Lettere del Signor Don Alessandro Volta patrizio comasco, e decurione regio professore di fisica sperimentale reggente delle pubbliche scuole di Como membro della Società di Fisica di Zurigo e dell’Accademia R. delle Scienze di Mantova sull’aria infiammabile nativa delle paludi
Autore: VOLTA, Alessandro (1745-1827)
Tipografo: Giuseppe Marelli
Dati tipografici: Milano, 1777
Dedication copy
8vo (201x126 mm). 147, (3) pp. Collation: a-h8 i10 χ1. With 14 engravings in text: title vignette, 6 headpieces illustrating experiments, and 7 text vignettes by Ant. Longonus. Woodcut decorated initials.This is one of the rare copies with an added leaf at the end (as singleton) which contains the motto: “Didicistis, nihil forte im Physicis intellectu difficilius, quam quidnam proprie sit illud corporei, quod unice combustils sit in materia combustili. Boerh. de Alim. dic. Ign. Exp. XIII.” Contemporary colored cardboards with ink title on spine (faded and worn). Author's dedication on the front flyleaf: “Dono dell' chiarissimo Autore a Pietro Cernezzi oggi 17. Marzo 1777.” Pietro Cernezzi, the scion of a family from Como whose nobility dating back to 1447 was confirmed in 1817, was a member of the Como city Council in 1813 (Bollettino delle Leggi del Regno d'Italia. Parte II. N° 17 al N° 22) and had a long correspondence with Volta. Damp stain to the lower outer corner of gatherings a-f, which progressively fades, another damp stain to the upper inner corner of gatherings a-c. A good, genuine copy in its first binding.

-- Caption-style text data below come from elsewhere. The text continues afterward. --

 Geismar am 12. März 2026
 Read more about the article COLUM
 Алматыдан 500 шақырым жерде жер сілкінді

FIRST EDITION of this important work, in which the author exposes to his friend Carlo Giuseppe Campi his research on methane gas, which had previously been confused with hydrogen. The work stimulated further experiments which subsequently led to the discovery of the composition of water.

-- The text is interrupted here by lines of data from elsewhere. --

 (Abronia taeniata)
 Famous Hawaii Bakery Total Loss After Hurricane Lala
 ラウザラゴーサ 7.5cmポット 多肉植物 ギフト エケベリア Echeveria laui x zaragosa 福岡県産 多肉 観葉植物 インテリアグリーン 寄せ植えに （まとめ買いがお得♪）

The discovery of hydrocarbons is of utmost importance in the history of chemistry. The first and most important hydrocarbon, from which all other hydrocarbons – and indeed all organic compounds – derive, is contained in marsh gas, which was then called methane. It was in 1776 that Volta discovered marsh gas following an accidental observation made by father Campi. In seven letters, dated from Como between November 1776 and January 1777, Volta describes the new gas and the locations in which he found it.

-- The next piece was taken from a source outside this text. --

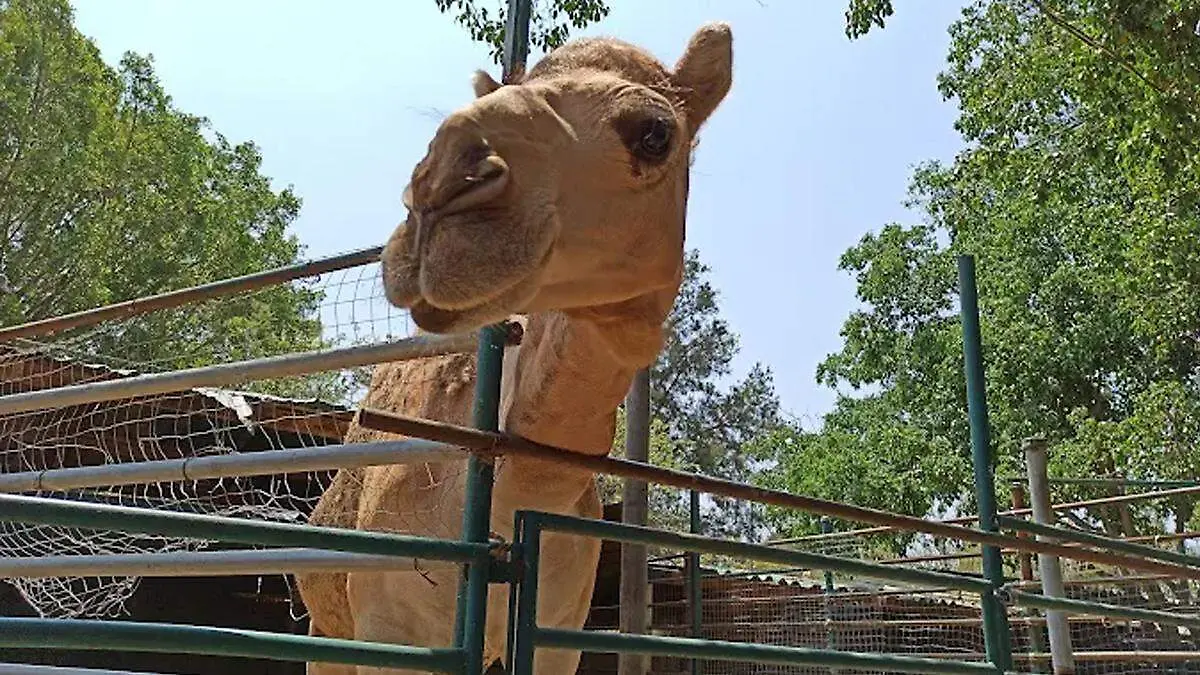 camello club de los animalitos 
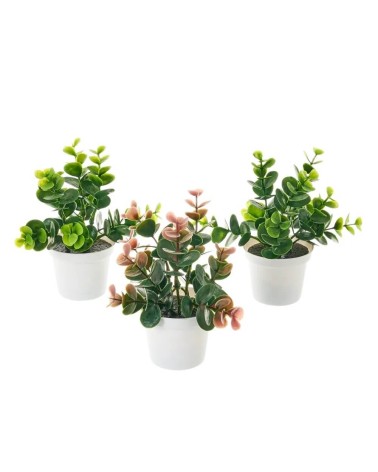 Set de 3 plantas artificiales con maceta blanca de plásticode Ø 12x17 cm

“The discovery of marsh gas [...] is described by Volta [...] He distinguished it from the inflammable air from metals (hydrogen) by its azure-blue flame and slower combustion, and by its requiring 10-12 vols. of air for detonation. A much larger electric spark was necessary to ignite marsh gas than to ignite hydrogen. Volta, who invented the electric pistol, thought detonating gas could be used as a propellant” (Partington, History of Chemistry, III, p. 814).
Duveen, p. 606; Poggendorff II, 1231. DSB XV, pp. 74-76. Riccardi, Sulle opere di Alessandro Volta, p. 22 (11): “Raro libretto”. Scolari, Alessandro Volta, p. 79 (40). Polvani, Alessandro Volta, pp. 155-166; Honeyman, 3072.